I slept late on Sunday and woke up, eventually, to a beautifully, summery day. It feels like so long since I saw a summer at home. The days have been getting longer and warmer, but this is the first real heat. I threw on a bikini, grabbed an old beach-towel and headed out to lie in the sun. There is something so utterly luxurious about lying in the sun, just lying there with a book, doing nothing but soaking up the sunshine. There was a tiny, delicate breeze, just ticklingly moving the air across my shoulders. The sun’s warm caress touched my arms and my legs and pooled warm light on my lower back. My skin rippled and glowed.
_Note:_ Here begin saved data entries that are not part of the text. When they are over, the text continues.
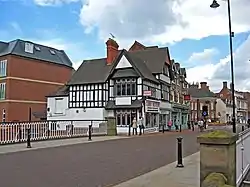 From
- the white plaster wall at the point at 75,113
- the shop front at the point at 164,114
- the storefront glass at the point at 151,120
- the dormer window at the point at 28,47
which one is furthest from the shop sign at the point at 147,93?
the dormer window at the point at 28,47

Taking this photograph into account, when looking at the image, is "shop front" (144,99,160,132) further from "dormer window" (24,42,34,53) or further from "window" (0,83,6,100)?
"dormer window" (24,42,34,53)

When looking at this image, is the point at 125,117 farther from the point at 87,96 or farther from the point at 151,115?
the point at 87,96

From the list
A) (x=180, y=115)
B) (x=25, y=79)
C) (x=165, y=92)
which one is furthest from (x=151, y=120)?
(x=25, y=79)

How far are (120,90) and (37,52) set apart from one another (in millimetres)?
21906

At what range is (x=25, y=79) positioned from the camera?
5325 cm

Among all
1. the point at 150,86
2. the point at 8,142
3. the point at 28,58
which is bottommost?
the point at 8,142

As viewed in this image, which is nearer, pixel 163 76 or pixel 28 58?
pixel 163 76

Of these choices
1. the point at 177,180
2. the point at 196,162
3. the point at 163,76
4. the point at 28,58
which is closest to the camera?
the point at 177,180

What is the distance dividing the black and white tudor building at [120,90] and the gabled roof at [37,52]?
36.3 feet

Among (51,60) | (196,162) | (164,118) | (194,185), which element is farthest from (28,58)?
(194,185)

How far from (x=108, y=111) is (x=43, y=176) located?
32.9 metres

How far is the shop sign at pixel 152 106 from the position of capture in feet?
131

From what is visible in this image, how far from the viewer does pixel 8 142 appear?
19188 millimetres

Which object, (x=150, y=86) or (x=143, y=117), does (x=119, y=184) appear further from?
(x=150, y=86)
The air smelt like a hot summer, like dry, warm grass. It was perfectly quiet except for the birds and a Sunday service of African voices raised in song in the distance. I felt at peace.
Later in the day, still comfortably warm and rejoicing in being able to wear a sun-dress, I savoured the crisp first sip of chilled white wine – the taste of hot, South African summer. How I missed this crispness and the contrasts of hot days and chilled wine.
Today is warm again, but the early morning breeze is fresh. I love early summer mornings – hot enough not to feel chilly, not to want to put on layers and layers of clothing, but still with that little breeze of freshness welcoming you to the day before the heat asserts it’s overwhelming power.
The cool weather may not be gone just yet. Cold fronts may still return. But for me this taste of summer, this tactile joy of warmer weather to come is a tantalising promise of just how full of wonderful heat and warmth and summer my next few months will be.